Takie show zawsze niesie ze sobą ryzyko, że będzie się „wieźć” na sławie zespołu. I rzeczywiście torchę tak było. Chociaż nieśmiertelne „Besa me mucho” zachwyciło publiczność, to jednak nie oszukujmy się – taki evergreen trzebaby było potwornie źle wykonać, żeby wywołać pomruk niezadowolenia.

Niedługo potem zabrzmiały dźwięki „Dos Gardenias”, które rok temu w interpretacji Omary Portuondo wywołały łzy płynące po policzkach Mojego Anioła. Tym razem aż takiego wzruszenia nie było. Z drugiej strony, to był show, a nie koncert zespołu i bardziej niż dla interpretacji poszczególnych utworów, przyszliśmy tutaj by zasmakować kubańskich tańców, a te były zaprezentowane doskonale przez artystów kabaretu „Tropicana” z Hawany.

Po przerwie tańców było jakby mniej i zaczyanłem odnosić wrażenie, że program zaczyna trochę się sypać.

To jednak było tylko wrażenie, ponieważ, kiedy już pojawili się ponownie, porwali publiczność. Porwali autentycznie, ponieważ zeszli ze sceny wyciągnęli z krzeseł siedzących widzów, by wspólnie odtańczyć kolejną cha-chę.

Później było już tylko lepiej, a w finale widzowie sami zgromadzili się przed sceną.

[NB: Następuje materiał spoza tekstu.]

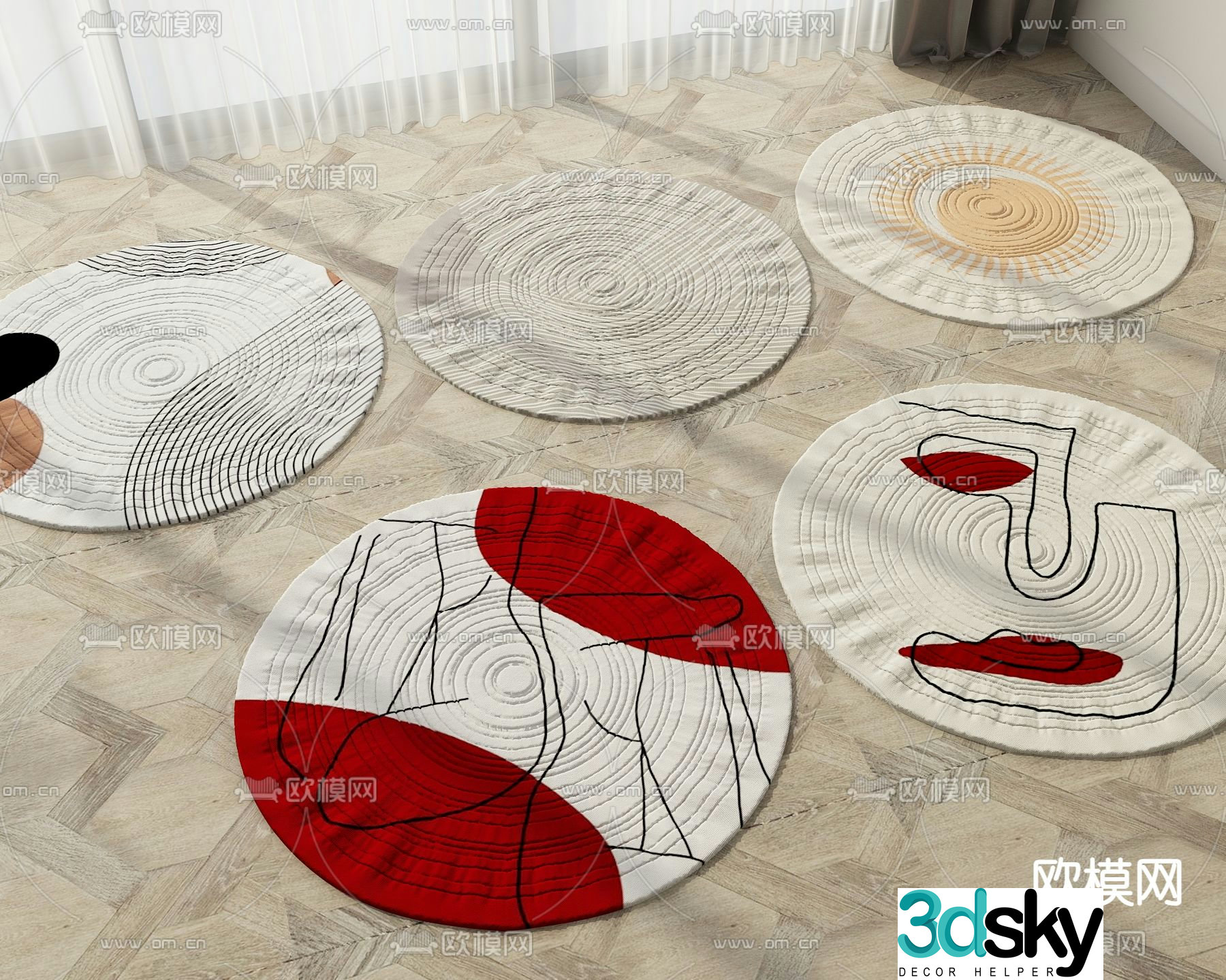 3d model of circular carpet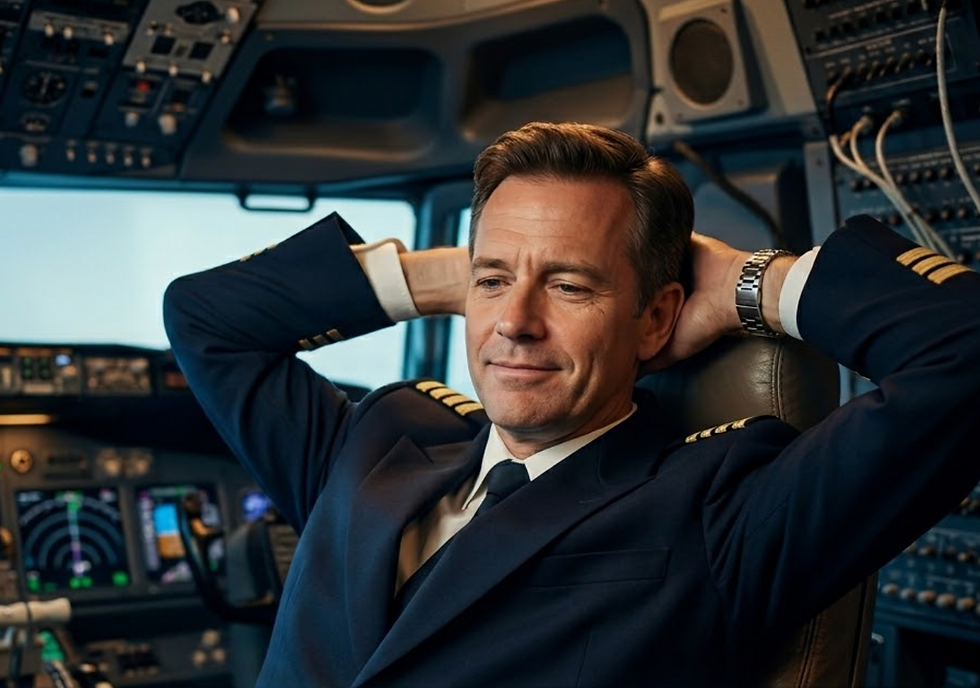 A relaxed airline pilot leans back in the cockpit with hands behind his head, looking smugly content — representing how fund manager AI systems often operate on autopilot rather than actively managing investor portfolios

http://www.youtube.com/watch?v=1WDoOVtTFKY&feature=youtu.be

http://www.youtube.com/watch?v=RFCq1tAfvJY&feature=youtu.be

Z przyjemnością obejrzeliśmy ten spektakl i był to świetnie spędzony wieczór, ale tez trzeba sobie jasno powiedzieć, że jeśli ktoś jest wielbicielem samej muzyki Buena Vista Social Club, może czuć spory niedosyt.

Na koniec otrzymalismy autografy solistów na plakacie grupy, który zawiśnie gdzieś na ścianie jako pamiątka.